Newsletter – #3 – What would you say?

Hello again from Kotodama Fruit Juice!logo2

It’s been a very insightful & productive week for us as we have been able to meet with an incredibly diverse group of researches in order to get a better idea of the current progress of speech recognition and where our project could be most impactful.

Heather started out the week by presenting us with a demo of the Microsoft Speech API working within Unity3D — through the demo, we were able to control a small orchestra with our voice commands!

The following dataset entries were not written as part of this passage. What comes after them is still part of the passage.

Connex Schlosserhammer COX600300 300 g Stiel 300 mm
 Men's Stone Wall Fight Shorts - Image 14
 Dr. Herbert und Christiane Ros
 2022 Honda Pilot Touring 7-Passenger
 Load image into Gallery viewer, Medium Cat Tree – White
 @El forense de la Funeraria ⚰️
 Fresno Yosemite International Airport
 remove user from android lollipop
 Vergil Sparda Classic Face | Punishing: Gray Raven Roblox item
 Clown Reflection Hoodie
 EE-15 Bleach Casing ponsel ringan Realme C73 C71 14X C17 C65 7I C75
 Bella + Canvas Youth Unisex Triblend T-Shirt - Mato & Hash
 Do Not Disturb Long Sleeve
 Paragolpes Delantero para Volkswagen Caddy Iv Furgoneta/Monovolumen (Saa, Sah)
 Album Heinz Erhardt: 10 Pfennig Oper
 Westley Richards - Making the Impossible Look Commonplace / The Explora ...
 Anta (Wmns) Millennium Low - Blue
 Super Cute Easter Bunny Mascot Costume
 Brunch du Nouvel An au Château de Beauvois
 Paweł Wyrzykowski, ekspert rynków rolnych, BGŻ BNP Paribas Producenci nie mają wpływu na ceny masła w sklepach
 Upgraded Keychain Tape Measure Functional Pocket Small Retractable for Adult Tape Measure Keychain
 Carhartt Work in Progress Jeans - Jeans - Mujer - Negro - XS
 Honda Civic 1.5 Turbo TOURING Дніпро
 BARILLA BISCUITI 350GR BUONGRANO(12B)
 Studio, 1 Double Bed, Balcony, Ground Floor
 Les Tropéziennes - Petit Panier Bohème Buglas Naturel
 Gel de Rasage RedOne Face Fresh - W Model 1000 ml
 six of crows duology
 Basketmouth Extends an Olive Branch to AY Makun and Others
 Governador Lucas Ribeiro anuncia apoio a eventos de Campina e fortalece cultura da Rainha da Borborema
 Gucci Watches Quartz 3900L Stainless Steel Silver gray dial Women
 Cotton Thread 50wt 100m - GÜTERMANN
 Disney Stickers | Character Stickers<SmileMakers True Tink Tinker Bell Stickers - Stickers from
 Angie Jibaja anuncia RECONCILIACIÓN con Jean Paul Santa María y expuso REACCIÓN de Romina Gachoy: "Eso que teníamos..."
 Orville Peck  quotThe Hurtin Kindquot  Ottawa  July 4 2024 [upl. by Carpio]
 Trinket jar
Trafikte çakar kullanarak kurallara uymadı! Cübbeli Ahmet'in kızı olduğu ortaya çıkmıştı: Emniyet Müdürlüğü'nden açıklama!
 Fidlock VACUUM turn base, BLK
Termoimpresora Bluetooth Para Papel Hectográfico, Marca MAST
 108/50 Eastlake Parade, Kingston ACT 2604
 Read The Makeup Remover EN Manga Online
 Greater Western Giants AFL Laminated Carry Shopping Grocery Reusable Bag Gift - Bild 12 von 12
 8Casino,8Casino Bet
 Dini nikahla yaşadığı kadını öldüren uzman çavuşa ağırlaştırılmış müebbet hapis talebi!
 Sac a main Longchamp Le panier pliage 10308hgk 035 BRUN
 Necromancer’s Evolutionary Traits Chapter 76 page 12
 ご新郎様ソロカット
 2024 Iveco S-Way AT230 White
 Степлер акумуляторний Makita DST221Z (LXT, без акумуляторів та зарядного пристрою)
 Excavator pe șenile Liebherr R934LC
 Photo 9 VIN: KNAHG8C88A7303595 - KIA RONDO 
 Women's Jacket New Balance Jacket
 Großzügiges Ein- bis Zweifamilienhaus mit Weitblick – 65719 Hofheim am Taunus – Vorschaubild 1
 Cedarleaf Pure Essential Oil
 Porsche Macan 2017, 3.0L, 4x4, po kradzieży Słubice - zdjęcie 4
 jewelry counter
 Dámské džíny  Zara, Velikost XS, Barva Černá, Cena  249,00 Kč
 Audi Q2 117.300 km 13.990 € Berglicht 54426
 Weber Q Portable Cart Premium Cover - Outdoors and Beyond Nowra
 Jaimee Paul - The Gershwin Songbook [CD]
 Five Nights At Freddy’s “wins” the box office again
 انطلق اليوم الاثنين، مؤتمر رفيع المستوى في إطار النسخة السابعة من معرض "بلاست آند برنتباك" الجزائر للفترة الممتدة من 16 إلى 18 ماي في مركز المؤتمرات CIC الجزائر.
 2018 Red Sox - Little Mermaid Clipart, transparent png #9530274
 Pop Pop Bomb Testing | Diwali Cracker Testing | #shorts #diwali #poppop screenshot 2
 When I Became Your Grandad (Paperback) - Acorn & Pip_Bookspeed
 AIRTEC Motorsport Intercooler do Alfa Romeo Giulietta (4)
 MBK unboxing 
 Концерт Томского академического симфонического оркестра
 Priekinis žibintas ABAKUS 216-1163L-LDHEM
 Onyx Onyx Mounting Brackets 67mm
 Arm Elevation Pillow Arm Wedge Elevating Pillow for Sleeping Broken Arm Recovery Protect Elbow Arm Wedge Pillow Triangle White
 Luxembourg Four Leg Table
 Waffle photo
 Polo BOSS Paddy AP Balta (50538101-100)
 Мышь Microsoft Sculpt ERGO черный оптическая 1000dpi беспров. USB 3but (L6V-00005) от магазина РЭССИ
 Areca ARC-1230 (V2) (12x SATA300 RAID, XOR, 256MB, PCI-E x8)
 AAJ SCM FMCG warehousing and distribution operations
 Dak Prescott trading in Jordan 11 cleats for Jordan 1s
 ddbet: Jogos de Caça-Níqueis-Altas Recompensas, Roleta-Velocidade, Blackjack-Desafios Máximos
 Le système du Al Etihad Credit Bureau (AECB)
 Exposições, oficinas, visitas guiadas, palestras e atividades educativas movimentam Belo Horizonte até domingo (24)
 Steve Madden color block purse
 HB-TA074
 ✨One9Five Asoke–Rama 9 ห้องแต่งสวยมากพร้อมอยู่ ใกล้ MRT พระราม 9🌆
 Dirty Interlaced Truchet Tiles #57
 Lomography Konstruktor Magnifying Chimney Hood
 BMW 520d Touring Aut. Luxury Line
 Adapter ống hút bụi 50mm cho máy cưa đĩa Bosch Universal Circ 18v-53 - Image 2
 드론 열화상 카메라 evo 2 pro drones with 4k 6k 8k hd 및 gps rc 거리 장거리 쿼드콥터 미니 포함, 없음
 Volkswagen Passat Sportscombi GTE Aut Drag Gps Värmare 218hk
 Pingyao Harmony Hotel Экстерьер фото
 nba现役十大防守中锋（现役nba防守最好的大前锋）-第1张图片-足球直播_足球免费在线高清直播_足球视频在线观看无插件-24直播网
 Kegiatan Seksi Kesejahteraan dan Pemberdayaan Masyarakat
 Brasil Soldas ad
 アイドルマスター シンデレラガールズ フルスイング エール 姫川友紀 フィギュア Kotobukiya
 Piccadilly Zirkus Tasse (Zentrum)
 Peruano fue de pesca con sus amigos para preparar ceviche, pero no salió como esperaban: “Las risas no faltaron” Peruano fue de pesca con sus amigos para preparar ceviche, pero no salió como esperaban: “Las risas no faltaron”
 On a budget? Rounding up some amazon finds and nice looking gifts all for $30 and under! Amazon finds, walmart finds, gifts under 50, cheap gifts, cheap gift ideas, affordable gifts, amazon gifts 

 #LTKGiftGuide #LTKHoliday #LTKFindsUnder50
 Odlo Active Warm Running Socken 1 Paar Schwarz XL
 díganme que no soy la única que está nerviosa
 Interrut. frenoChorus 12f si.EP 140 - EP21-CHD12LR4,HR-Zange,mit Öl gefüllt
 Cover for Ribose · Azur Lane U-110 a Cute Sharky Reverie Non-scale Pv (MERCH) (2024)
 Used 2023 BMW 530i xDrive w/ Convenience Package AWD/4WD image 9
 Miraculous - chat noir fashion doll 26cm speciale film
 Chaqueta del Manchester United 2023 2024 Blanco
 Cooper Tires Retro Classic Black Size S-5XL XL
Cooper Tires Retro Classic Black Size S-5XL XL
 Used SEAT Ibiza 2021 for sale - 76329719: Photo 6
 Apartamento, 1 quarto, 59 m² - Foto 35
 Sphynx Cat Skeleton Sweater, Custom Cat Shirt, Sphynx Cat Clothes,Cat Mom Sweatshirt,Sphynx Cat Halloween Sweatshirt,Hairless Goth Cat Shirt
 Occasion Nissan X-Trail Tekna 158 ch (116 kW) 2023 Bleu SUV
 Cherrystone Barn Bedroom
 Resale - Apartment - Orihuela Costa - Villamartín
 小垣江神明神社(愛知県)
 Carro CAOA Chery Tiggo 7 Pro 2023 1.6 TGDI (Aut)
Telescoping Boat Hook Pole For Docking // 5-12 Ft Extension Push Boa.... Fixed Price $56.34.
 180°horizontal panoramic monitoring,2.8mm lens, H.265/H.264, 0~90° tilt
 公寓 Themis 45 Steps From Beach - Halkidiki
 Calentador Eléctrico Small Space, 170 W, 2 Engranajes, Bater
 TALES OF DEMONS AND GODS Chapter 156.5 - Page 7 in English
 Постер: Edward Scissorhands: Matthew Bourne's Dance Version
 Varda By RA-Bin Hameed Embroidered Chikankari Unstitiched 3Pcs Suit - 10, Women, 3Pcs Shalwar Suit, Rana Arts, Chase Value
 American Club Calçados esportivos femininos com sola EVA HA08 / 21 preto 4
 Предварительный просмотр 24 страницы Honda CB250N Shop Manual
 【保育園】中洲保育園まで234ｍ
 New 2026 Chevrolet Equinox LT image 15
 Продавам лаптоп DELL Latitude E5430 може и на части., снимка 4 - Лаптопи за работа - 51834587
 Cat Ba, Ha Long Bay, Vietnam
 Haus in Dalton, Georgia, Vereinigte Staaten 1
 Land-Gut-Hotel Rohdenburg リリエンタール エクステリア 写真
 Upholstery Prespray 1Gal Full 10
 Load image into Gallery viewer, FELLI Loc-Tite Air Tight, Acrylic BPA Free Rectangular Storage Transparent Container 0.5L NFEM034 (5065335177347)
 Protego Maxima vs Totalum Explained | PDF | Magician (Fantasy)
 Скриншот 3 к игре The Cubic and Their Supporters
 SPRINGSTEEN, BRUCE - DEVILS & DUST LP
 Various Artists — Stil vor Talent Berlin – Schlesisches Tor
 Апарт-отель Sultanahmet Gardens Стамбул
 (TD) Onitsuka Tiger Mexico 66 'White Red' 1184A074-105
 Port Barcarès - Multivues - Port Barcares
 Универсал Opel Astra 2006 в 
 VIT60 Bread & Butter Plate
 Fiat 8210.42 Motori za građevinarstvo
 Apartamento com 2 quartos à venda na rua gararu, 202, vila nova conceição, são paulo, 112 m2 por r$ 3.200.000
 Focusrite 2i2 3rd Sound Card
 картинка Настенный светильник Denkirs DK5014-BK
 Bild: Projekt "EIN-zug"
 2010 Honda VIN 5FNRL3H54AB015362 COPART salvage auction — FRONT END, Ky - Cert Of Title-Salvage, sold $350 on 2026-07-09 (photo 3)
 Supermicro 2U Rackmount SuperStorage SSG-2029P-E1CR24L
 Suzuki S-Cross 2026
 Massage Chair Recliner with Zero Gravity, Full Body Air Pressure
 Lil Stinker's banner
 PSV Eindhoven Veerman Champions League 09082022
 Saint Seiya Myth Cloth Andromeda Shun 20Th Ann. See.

We met with CMU computational language pioneer Alex Rudnicky, who had the following suggestions for us:

  • We should know what kind of acoustics we will be working with
  • We have to know which language are we using
  • We should do something manageable in terms of the domain, know the context. 
  • If you add a previous request context to the new request it might work better
  • If we record people we need a disclaimer – “Agree that we record you, or don’t participate”
  • Paranoid Eliza – it is a very limited thing technologically, but gives a good impression emotionally and we could do something in the way – limited, but powerful
  • It should act as if it’s understanding.
  • Reasoning should be under control: It should ‘Do the right thing’.
  • The vocabulary, the dictionary is the data.
  • Gibberish: You can get the pitch but nothing more. You gotta be doing everything from scratch.
  • Interaction: 1-Reacting/Changing the direction of the story related to the speech recognized. 2- Players choose the continuation.
  • Eliminating others’ speech recognized by the microphone: Headsets might be a solution but the drawback will be putting something to someone’s heads.
  • Kinect’s voice recognition might help in this point. (2 mics can help recognizing who is talking)
  • Another option besides using a grammar to get semantics would be to grab what the guest said and do a keyword search on what was returned (works for Q&A with bot).
  • Immediate feedback on what the guest says (parroting back to them what the system picked up on) may be distracting and may make the system look silly as it often makes some mistakes.
  • Creating an NPC you can interact with that has distinct personality traits may be interesting
  • Having audience interact with application will cause tech issues, better that is be a personal (although not necessarily private) experience.
  • Communication is an exchange of ideas
  • “Make the system ACT like it is understanding…”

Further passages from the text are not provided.